@jpring
Long story short, withdrawing from benzodiazepines can be a pain in the ass too, and is known to cause tinnitus if you do it too quickly. I'm guessing that's what happened to you, but in a similar way to benzos. You stopped drinking suddenly, and your central nervous system is used to have all that depressant ethanol hanging around.
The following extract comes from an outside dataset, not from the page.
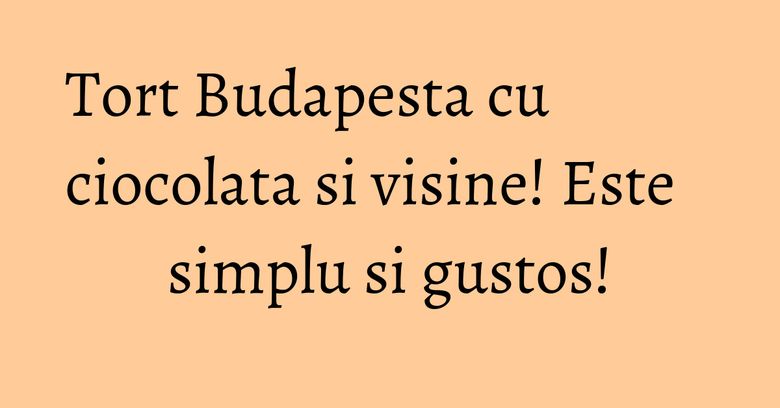 Tort Budapesta cu ciocolata si visine! Este simplu si gustos! Tort Budapesta cu ciocolata si visine! Este simplu si gustos!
As a result, your central nervous system then goes into overdrive in the absence of the depressing agent. .
yes, cns overdrive is a common cause, whether from chemical withdrawal,prolonged stress or sudden shock.
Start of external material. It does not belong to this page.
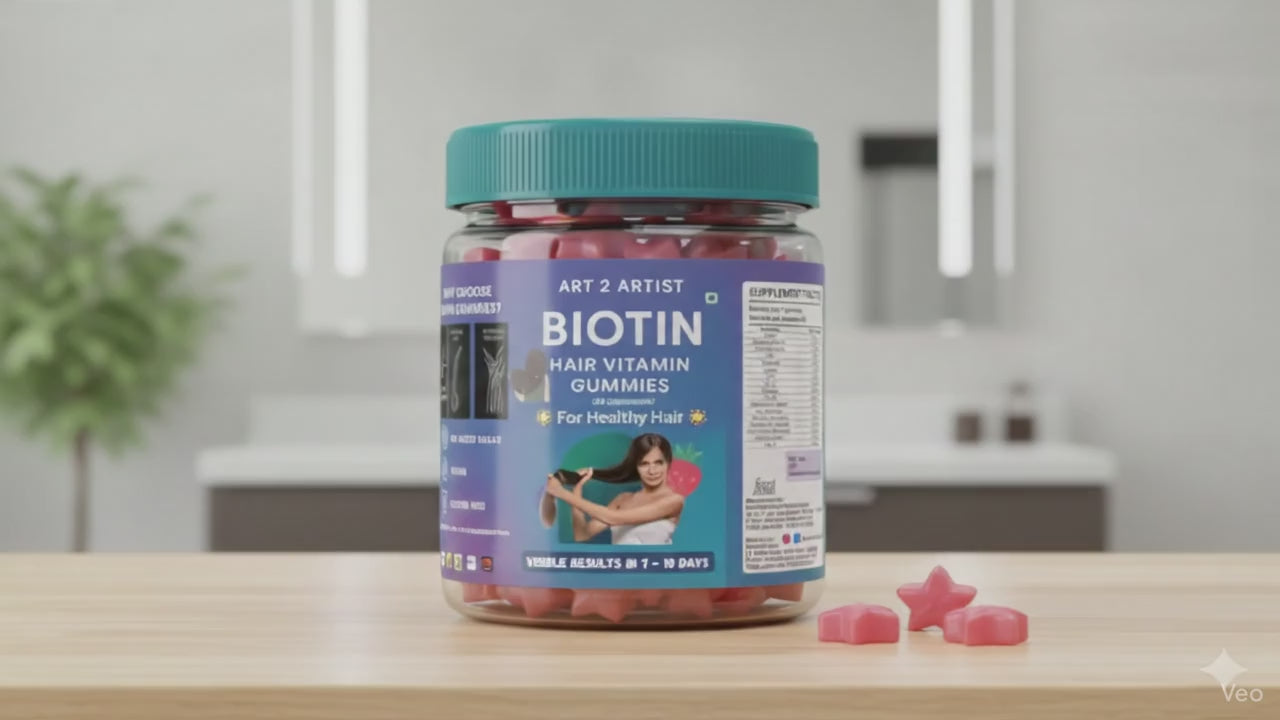 Art2Artist Biotin Hair Vitamin Gummies Stronger, Thicker & Healthier Looking Hair – Delicious Daily Gummies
seems the brain seeks out potential threats, breaches filters, zones in on neuronal activity, unmasks tinnitus.
Maybe the brain zones in on frequencies where the brain has been receiving less auditory input, especially where there are notches, which would signify greater danger areas ("hey, we can't hear predators at 4khz"), who knows.
Up to that point you may or may not have had significant hearing loss, but you will have had hearing loss because that's part of ageing. noone's got technically perfect hearing and some people have deeper troughs.
And as Dan points out, your real hearing goes way above normal hearing tests which are therefore not too helpful if your problems lie upstream.
Just curious but maybe there are different types of tinnitus.
Firstly, where a shocked CNS sends the brain into hyper-vigilance, busting its way through thalamic perception filters to unveil previously cloaked brain sounds. (from my experience, distraction/de-attention helps rebuild those filters)
Secondly, where acoustic shock results in DCN neurons becoming over-active. Big populations of neurons acting in synch. This has been the target of therapies like coordinated reset stimulation, etc. Over-activity looks like a hot target when you consider that tinnitus has been suppressed by electrical stimulation of the auditory nerve using cochlear implants (chang 2012). Maybe residual inhibition works like this too when you consider sound is converted by your ears into electrical impulses. Hopefully resounding success will come from smart drug Autifony, which has already shown amazing success targetting these neurons via potassium channels.
Could someone tell me how these two 'types' are linked. Are they part of the same picture?
In the first scenario, we have existing brain sounds unveiled, maybe not over-active neurons.
In the second scenario, we have sound damage sending neurons into definite over-spin.
And how does this fit in with discordant dysfunction theory (imbalance between inner and outer hair cells)
Is such a theory now defunct or irrelevant in light of what Autifony offers?
I really understand very little about the brain, so we'd all welcome a mini-lecture from anyone here who can enlighten us, especially on the full mechanism of Autifony. I want to believe that both scenarios create hyper-active neurons that can be tackled by Autifony so we can all go home and get some decent sleep!
Wishing jpring and all of us wellness soon.